These provisions apply to taxable years beginning after December 31, 2017. For the first taxable year beginning after December 31, 2017, the difference in the amount of the tax basis discounted unpaid loss reserves at December 31, 2017 and the amount of such tax basis discounted unpaid loss reserves, determined as if the new tax law had applied for that year, is treated as a transition adjustment. This transition adjustment is brought into taxable income on a straight-line basis over eight years beginning in 2018.
Mazars Insight: Generally, the modifications increase the effect of the time value of money applied to insurers’ loss reserve tax deduction by increasing the interest rate used to determine the loss reserve discount factors and extending the period over which to recover loss reserves.
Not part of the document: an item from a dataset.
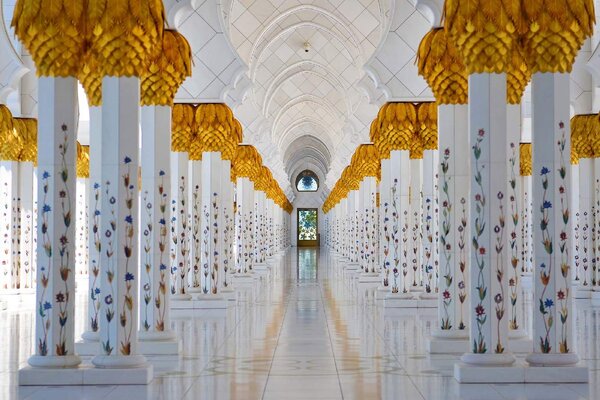 DIMEX | Vliesová fototapeta Mešita v Abu Dhabi MS-5-0972 | 375 x 250 cm| bílá, žlutá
Insurers will need to wait for the IRS to issue new discount factor tables for all pre-2018 accident years in order for them to determine the transition adjustment.
While the TCJA is silent on the discounting of accrued salvage and subrogation recoveries, given that the interest rate was identical to the rate used for unpaid loss reserves, it is likely that the Treasury will issue guidance modifying the determination of discounted salvage and subrogation on terms similar to unpaid loss reserves.
In general, the provision is expected to lower the amount of tax basis discounted unpaid loss reserves; accordingly, current taxable income after 2017 and the existing deductible temporary difference (including the effect of the transition adjustment) at January 1, 2018 are expected to increase. As the enactment date of this provision was in 2017, insurers should report the impact in their 2017 financial statements, meaning their DTA should increase by their tax basis discounted unpaid loss reserves with a like increase in their DTL for the transition adjustment. From a practical point of view, until the IRS issues new discount factors under the TCJA, this computation cannot be performed as of the date of this article. However, note that under statutory accounting, entities have the option of recognizing the DTA and DTL within each grouping on a net or gross basis (see SSAP No.101, Q&A 2.9). Regardless of which method an entity elects (gross or net), it is crucial that consistency is maintained within each grouping from period to period. If this is done, companies will need to revisit their reversal patterns of the loss reserve discount for the SSAP No. 101 admissibility test and determine their ability to offset the DTL created for the transition adjustment beyond three years from the end of their financial statement year-ends.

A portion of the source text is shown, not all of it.